When Marquis Teague was drafted 29th overall by the Chicago Bulls in the 2012 NBA draft — right about two months after Derrick Rose tore his ACL — the move was generally met with head-scratching. Why would the Bulls take a point guard when they already have Derrick Rose? After all, Rose would be back sooner or later, so why draft a guy who figured to spend a good chunk of his career as a backup?
Fast forward to about a year and a half later, and things have become a little clearer. Even after a shaky rookie season — exacerbated by a lack of playing time and not playing to his strengths — there’s plenty of reason to think the Bulls have found another steal a la Taj Gibson and Jimmy Butler.
In fact, don’t be surprised if his 2013-14 mirrors Jimmy’s 2012-13. But more on that in a minute.
Teague hasn’t really been around long enough/played the minutes to have extensive game film available. But this video, of his 25-point performance at this year’s Las Vegas Summer League is a nice snapshot of some of the things he does well. Yes, I know it’s just summer league, but I’m not totally sure that matters in terms of seeing some of the skills he’s picked up.
Teague is one of the absolute fastest players in the NBA. Honestly, he might be as fast or faster than Derrick Rose in a straight sprint. I know that’s borderline heresy, but I don’t know what to tell you. It’s this speed that allows Teague to knife into the lane repeatedly even while defenders are playing six feet off of him. Watch him explode to the rim for an and-one at the 1:50 mark in the above clip. He goes away from the pick and then leaves CJ McCollum behind, forcing him to foul.
But one of the things that jumps out from that clip is Teague’s use of hesitation and changing speeds to keep defenders off balance. That’s one of the things Chris Paul has become known for, and it’s one of the reasons he’s the best point guard in the NBA. Look at the very first play in that video, where Teague comes around a screen, stops, crosses over and waits just half a second to get McCollum back on his heels before going past him to the rim. Similarly, check out the play at the 0:45 mark, where Teague stays under control and keeps Thomas Robinson, defending the roll man, from committing to guarding either player. He does it again in the very next play, creating a driving lane by hesitating at the elbow and waiting for the help defender to jump out of the way.

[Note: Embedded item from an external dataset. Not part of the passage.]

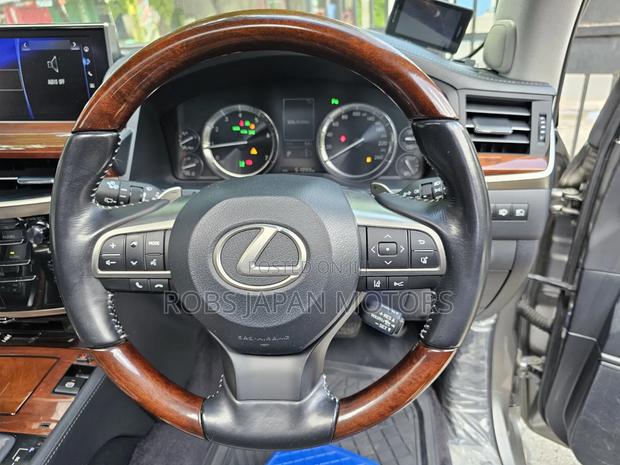 Lexus LX 2019 Gold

Teague also has great vision and plays unselfishly. He loves throwing wraparound passes like the one at the 22-second mark. At the 9-second mark, he gets into the lane and rather than force the issue, he stops and finds his big man, who gets fouled. He runs a pick and roll like a maestro, even at his experience level and without any threat of a jumpshot.
The jumper is the biggest thing, although it seems like he’s improved there over the summer. He hits three threes in the video, and doesn’t hesitate at all before shooting. His form looks good. He still needs to prove he can do it on a consistent basis, but it’s far from hopeless. He shot 33 percent on long twos last season (9/27) which isn’t good, but it’s not quite horrific. Of course, the 14.3 percent he shot on threes (4/28) is pretty awful, so who knows?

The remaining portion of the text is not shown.